Trail, who has led scientific field trips from South America to the South Pacific, says the new wilderness offers visitors a biological treasure trove.

"For such a small area to have both biological diversity and topographic contrasts is very unusual," he said. "The densities of communities is very great, much more than most places I've been.

"If you walk the Pacific Crest Trail from Pilot Rock to Soda Mountain, every few hundred yards is a meadow, a conifer glade, a rocky outcropping. Every half-mile has a whole different set of features. That's a very notable aspect of the wilderness."

Visitors should keep their eyes peeled for a rare bird of prey, such as a peregrine falcon, a black bear, deer, elk, fox and coyotes.

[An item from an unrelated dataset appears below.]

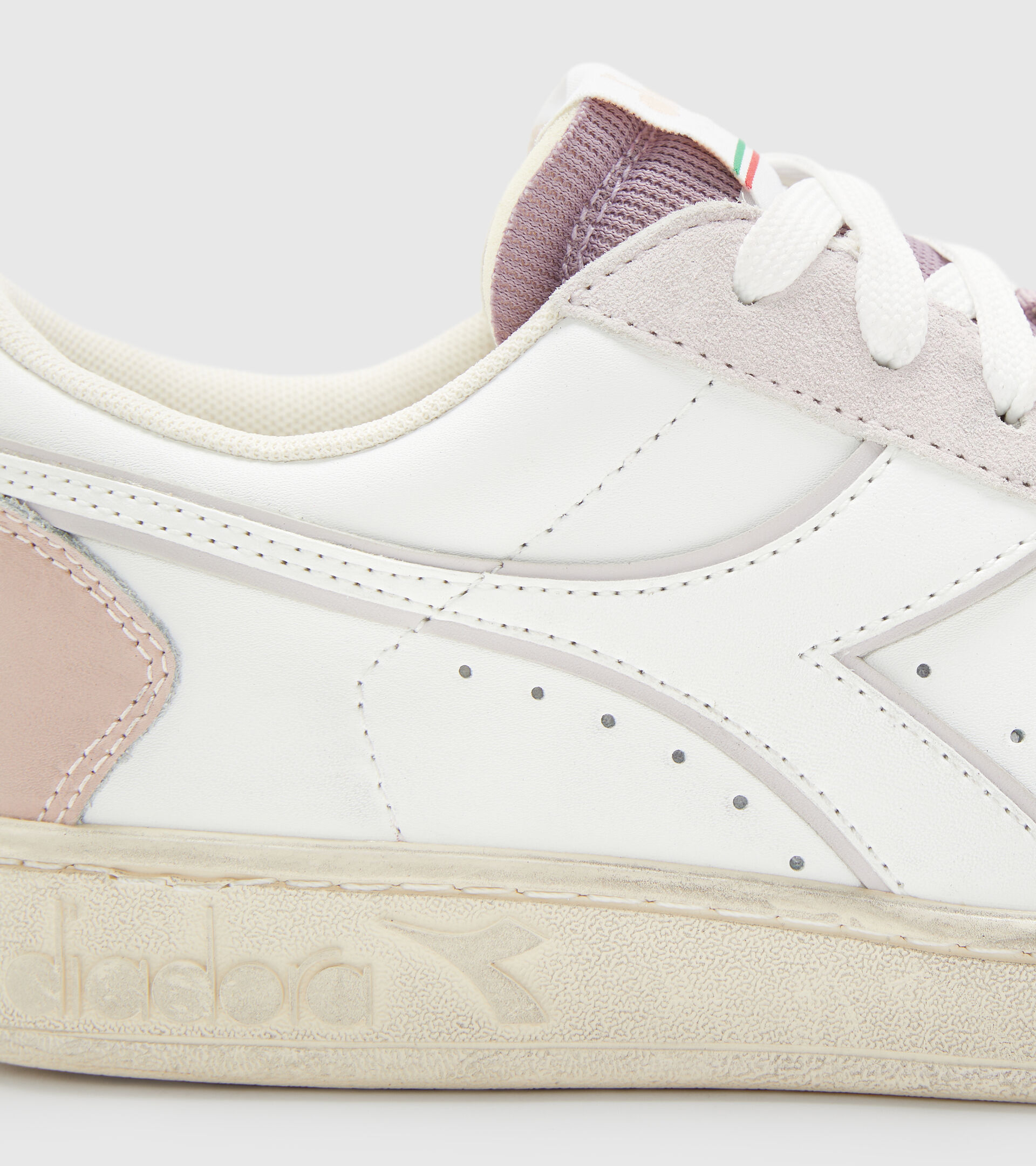 Sports shoes - Women MAGIC BASKET LOW ICONA WN ADOBE ROSE/ELDERBERRY - Diadora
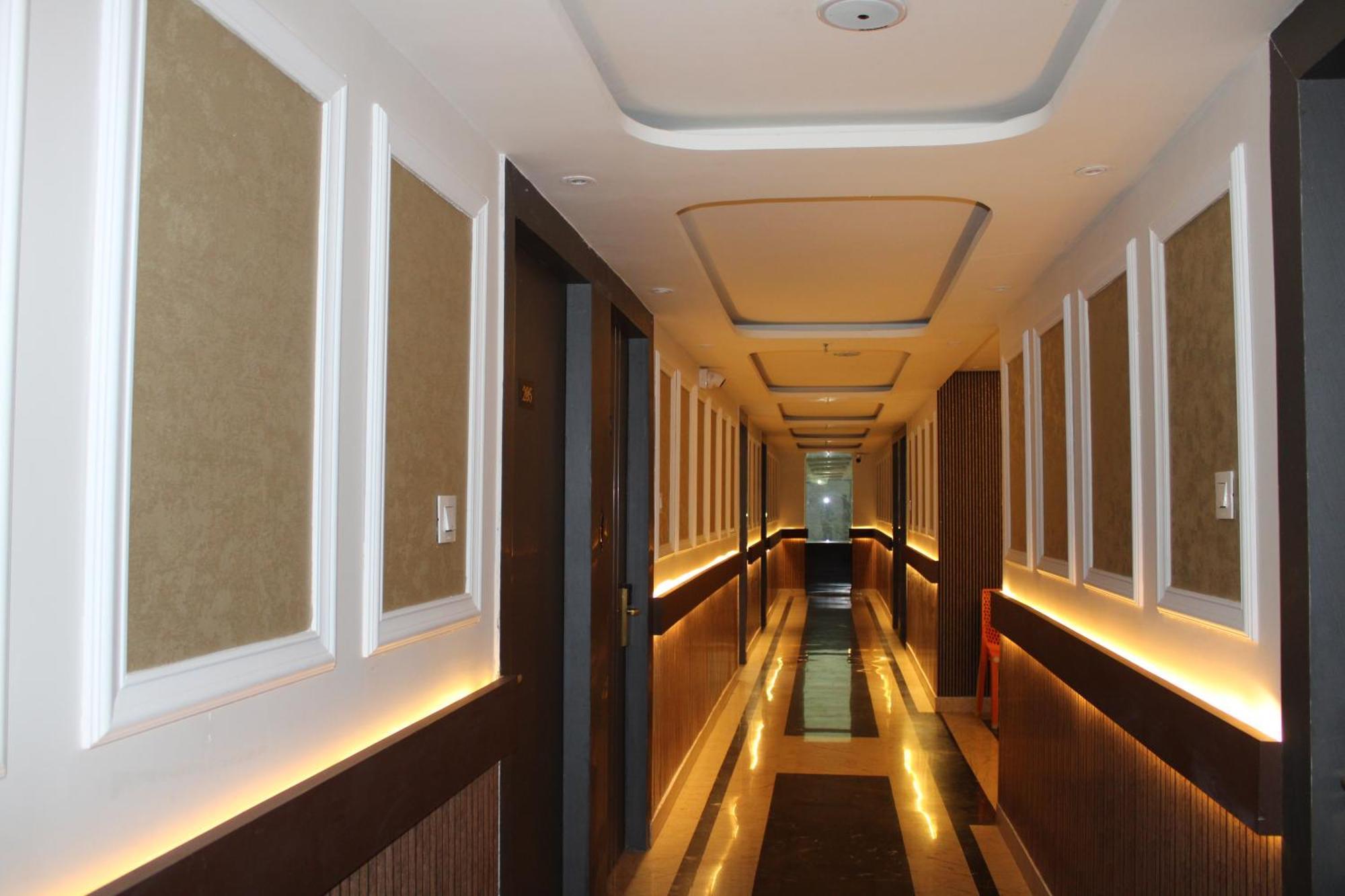 Hotel Gold Stone Kanpur Exterior photo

In fact, early in summer 2000, a small, tawny-orange butterfly with light yellow spots on its wings was discovered flitting on Soda Mountain. Known as the mardon skipper, it was the first one ever seen in the Oregon wild by lepidopterists.

The mardon skipper is one of more than 100 species of butterflies found in the area, making it one of the most diverse places for butterfly species in North America, Trail observed.

"In a world of climate change, places like this are becoming even more important," he said. "One of the big questions is how natural communities will adjust. Places like this will be absolutely critical."

Greensprings resident Dave Willis, chairman of the Soda Mountain Wilderness Council and one who long championed the wilderness, hopes to see more areas of public land protected.

"A major milestone like this wonderful wilderness bill is a long-sought step forward," he said. "But it's not the end of the protection trail here."

Noting it has been 25 years since Oregon had a major wilderness expansion, he said he would like to see the wilderness, as well as the monument, expanded.

"If the Soda Mountain area is the genetic loading dock to the Noah's Ark of globally significant Klamath-Siskiyou botanical diversity, isn't it odd that the little Soda Mountain loading dock has received a lot more proportional protection than the larger Klamath-Siskiyou ark itself?" he asked.

Back in Washington, D.C., Babbitt observed that it was a grassroots effort led by Willis and others that created the wilderness.

"Without them, this would have never happened," he said. "All the volunteer work from the local people dedicated to making it happen were the ones that accomplished this. Their citizen effort should be a message to us all.

"This should inspire us to look at the entire Klamath-Siskiyou ecosystem. There is still more to do."

Meanwhile, he plans to hike into the new wilderness surrounding Pilot Rock.

"I'll be back," said the former Arizona governor. "I'm in Washington but my heart is in the West."